A faixa

É melhor, bem melhor, não ficar do lado de ninguém, senão do lado de todas as vítimas.

Muito pouco sabemos da violência em Israel e na Palestina. Redutores são mesmo alguns comentários, quase sempre redigidos sob o critério da emoção, e em especial em favor da causa palestiniana, como é habitual nos casos em que instintivamente se adere ao lado do mais fraco.

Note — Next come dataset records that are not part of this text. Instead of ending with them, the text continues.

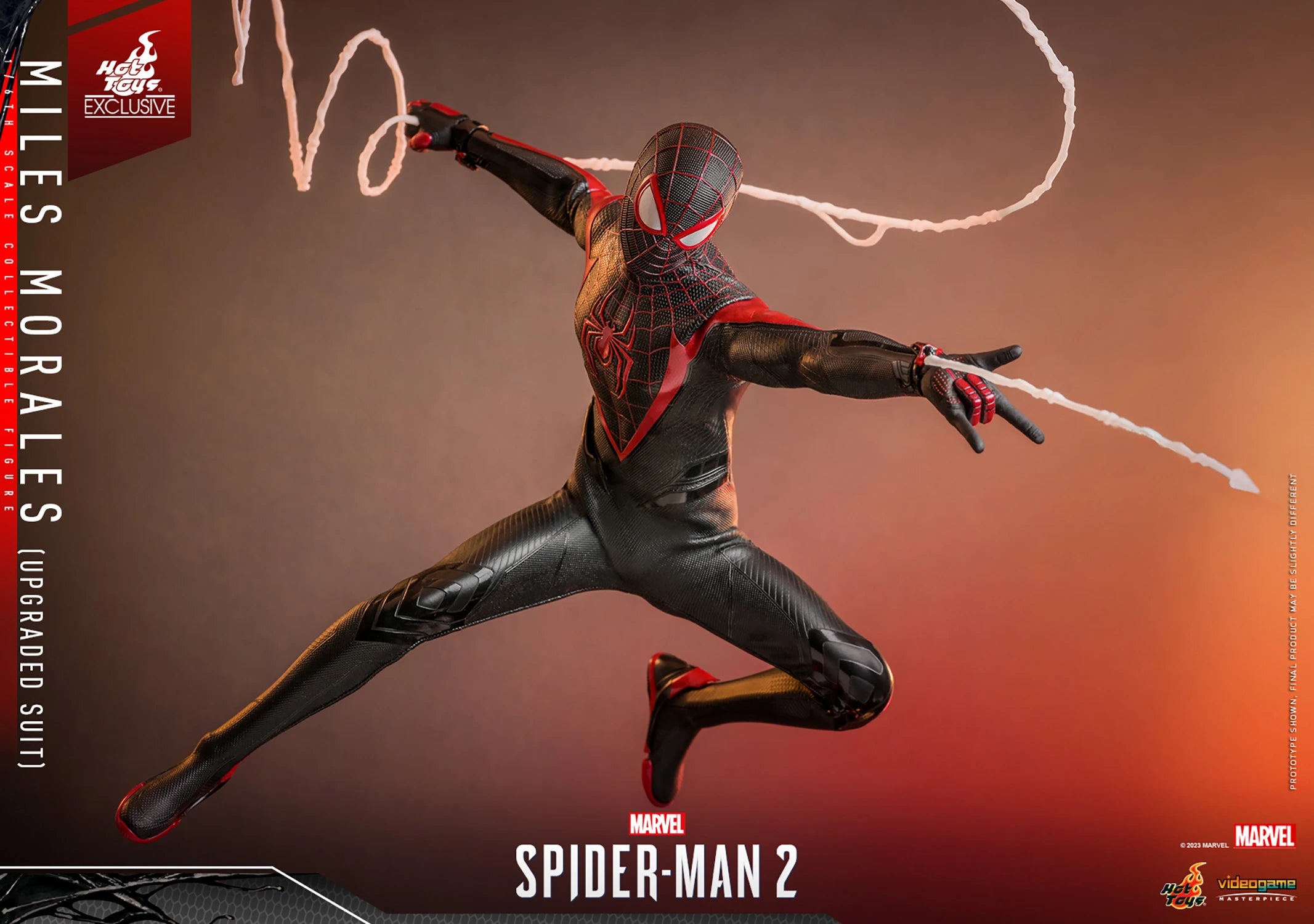 Miles Morales (Upgraded Suit)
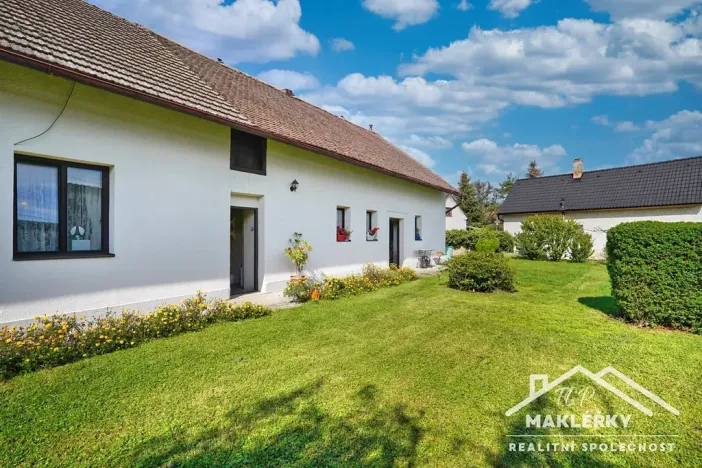 Prodej rodinného domu, Svatý Mikuláš, 200 m2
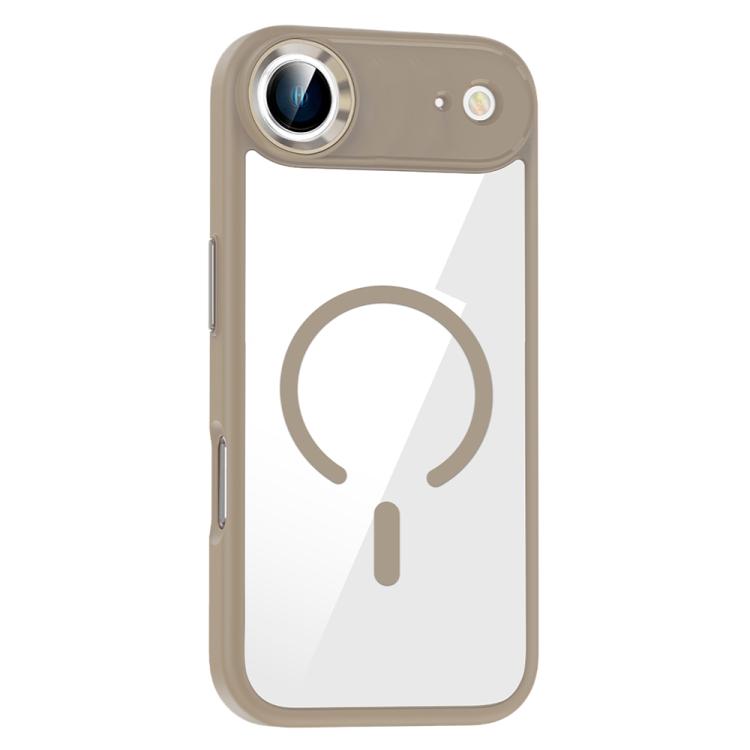 MagSafe Anti-fingerprint Highly Transparent PC Phone Case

A violência chega-nos pelos jornais e pela televisão e rapidamente se torna ficção, que é o que acontece às palavras e às imagens quando, saturadas em abundância, acabam intercaladas por outros conteúdos, pela publicidade, e pelo “habitat familiar” de que fala Roland Barthes em relação à língua. Pela sua dimensão, a operação Limite Protector é a mais intensa desde a famosa Chumbo Fundido (ou Chumbo Endurecido) de 2008, na altura tão repudiada por Stéphane Hessel. Nesse tempo, houve quem dissesse ser “inadmissível que judeus possam perpetrar crimes de guerra”. Em ambos os casos temos a figura do Hamas, representante político da Palestina, escudado na sua resposta ao isolamento e bloqueio dos habitantes da Faixa de Gaza e na questão dos territórios ocupados. Parece reduzir-se a uma questão de espaço vital esta guerra – não esquecendo os paradigmas religiosos. Contudo, também não deixa de ser lamentável que a Palestina seja refém de uma autoridade política que instiga actos de terror – o Hamas. Assim como, do outro lado, o Likud veja reforçado o seu fundamentalismo, acobertado pelo novo Presidente, Reuven Rivlin.

Acusa-se Israel da desproporção de meios e é difícil rebater esses argumentos, perante evidências, tão lastimáveis quanto caricatas, como a de ouvir Shimon Peres lamentar a morte de quatro crianças numa praia. Por isso, a tentação é comparar o incomparável, isto é, afirmar, como já aqui várias personalidades o fizeram, que aquilo a que se apelida de "genocídio do povo palestiniano" é semelhante (descontados os números) ao perpetrado pelo Exército alemão durante o III Reich. Primeiro: não há nada de semelhante com aquela ignomínia. Segundo: não me recordo de ter lido nada sobre provocações violentas dos judeus à Alemanha dos anos 30. Terceiro: os números contam.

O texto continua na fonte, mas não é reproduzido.